Members of far-right Swedish party caught making anti-Semitic statements online

Members of far-right Swedish party caught making anti-Semitic statements online

Jimmy Akesson, right, is leader of the Sweden Democrats. He is shown here in Stockholm, April 10, 2017. (Michael Campanella/Getty Images)
Jimmy Akesson, right, is leader of the Sweden Democrats. He is shown here in Stockholm, April 10, 2017. (Michael Campanella/Getty Images)

Regional politicians from the far-right Sweden Democrats party were caught making anti-Semitic statements online, including using a picture of Anne Frank to mock Holocaust victims.

Per Olsson, who represents the party on the City Council of Oskarshamn, a coastal Swedish city, earlier this year posted a picture of Frank captioned “coolest Jew in the shower room” on the Russian social network VKontakt, the Expressen daily reported Friday.

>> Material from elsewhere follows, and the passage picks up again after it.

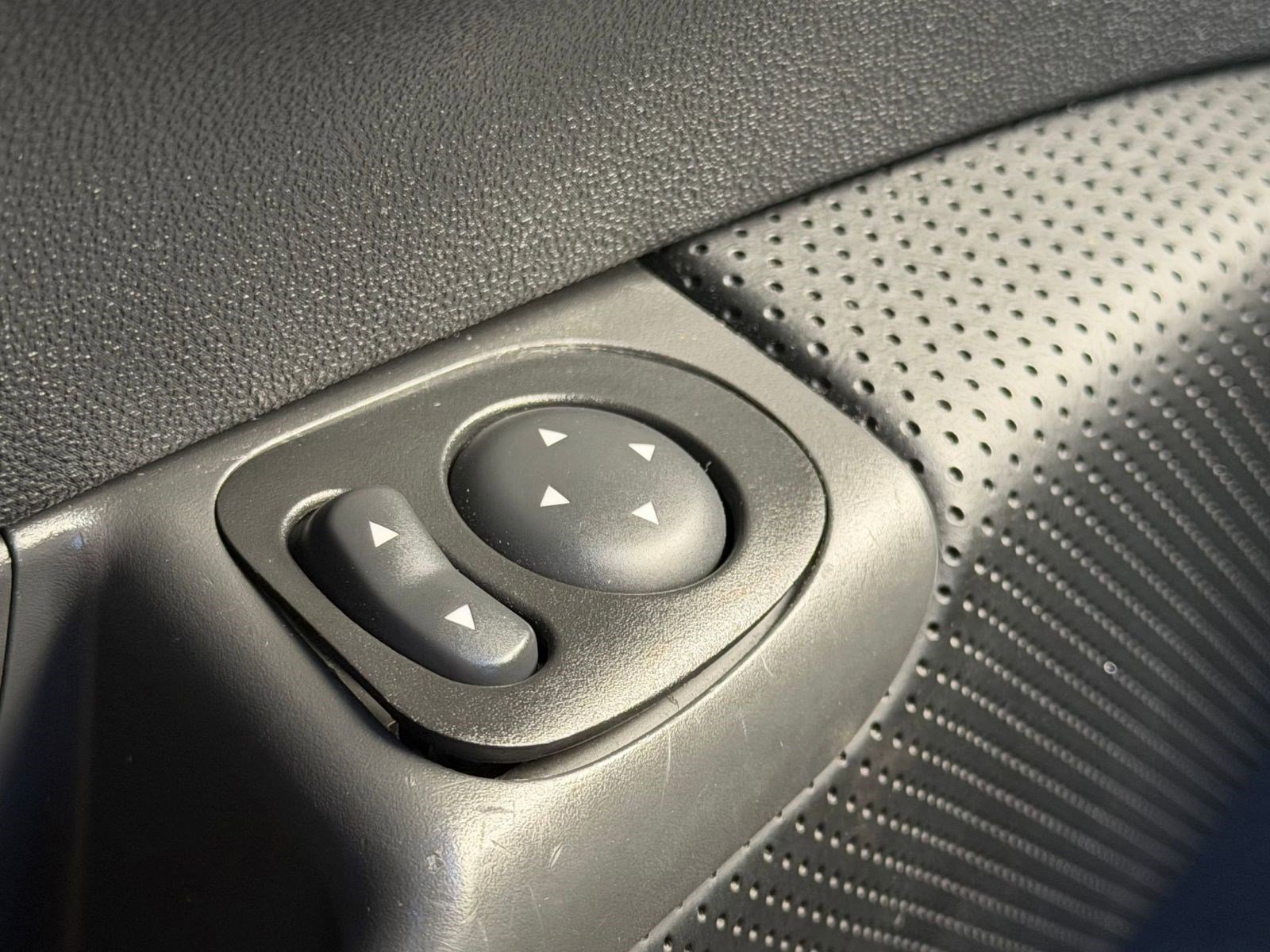 Used 2012 FIAT 500 Sport w/ Safety & Convenience Pkg image 21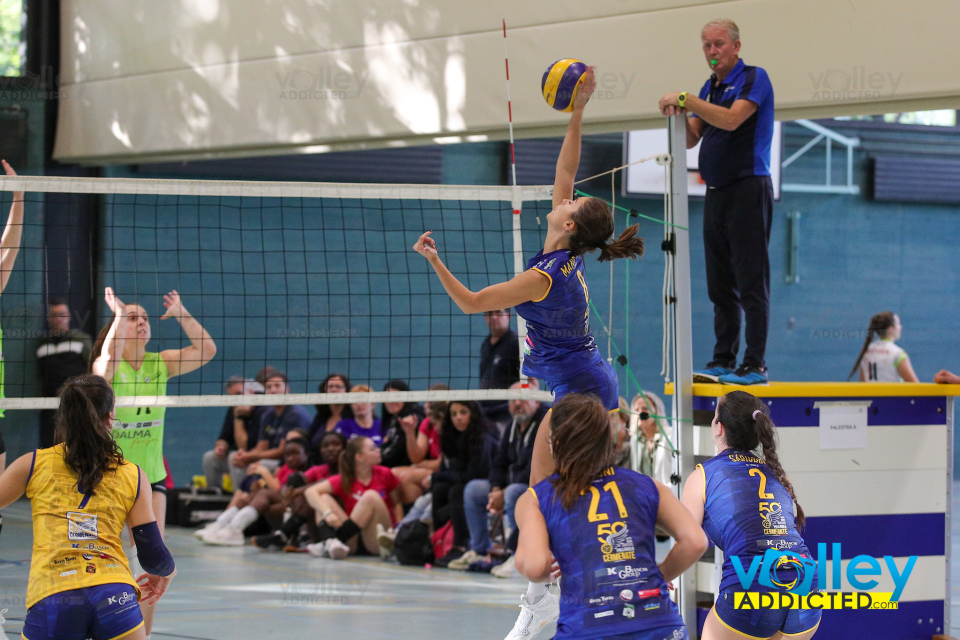 #VolleyAddicted

Open Season 2024 - Volley Lugano
Lugano - Svizzera - 6 ottobre 2024

Gallery: www.volleyaddicted.com
Credit: Morotti Matteo/VolleyAddicted.com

The Expressen report was part of a project in which journalists for that daily and the Expo magazine looked into the digital footprint of many politicians from various parties ahead of the country’s general and local elections on Sunday.

Polls show the Sweden Democrats in third place with 18.7 percent of the vote. The party won slightly under 13 percent in the 2014 elections.

The journalists also found anti-Semitic material on the social media accounts of Raghu Jacobsen, who represents the party on the City Council of Stenungsund, in western Sweden.

“As long as Rothschild controls the economy and with the modern slavery on this planet, there will be anti-Semitism. #Jews #israel,” Jacobsen wrote in English in February on Twitter.

One month later he shared a picture of a woman with a milk package and the English-language text: “What is the difference between a cow and the Holocaust? You cannot milk a cow for 70 years.”

Martin Sihlén, representing the Sweden Democrats in Örkelljunga, in Sweden’s south, wrote on Facebook that “Hitler wasn’t so bad” and he “did not lie about Jews.” He also wrote that “international Jewry is thirsting for destroying Europe. It was ultimately not Germany who started the Second World War, it was the Jews.”

Anne Frank, a German Jew who wrote a famous diary while hiding for two years from the Nazis, died of typhus in 1945 at the Bergen-Belsen concentration camp. Among the 6 million Jewish Holocaust victims, the Nazis and their collaborators killed more than half in gas chambers — some disguised as shower rooms.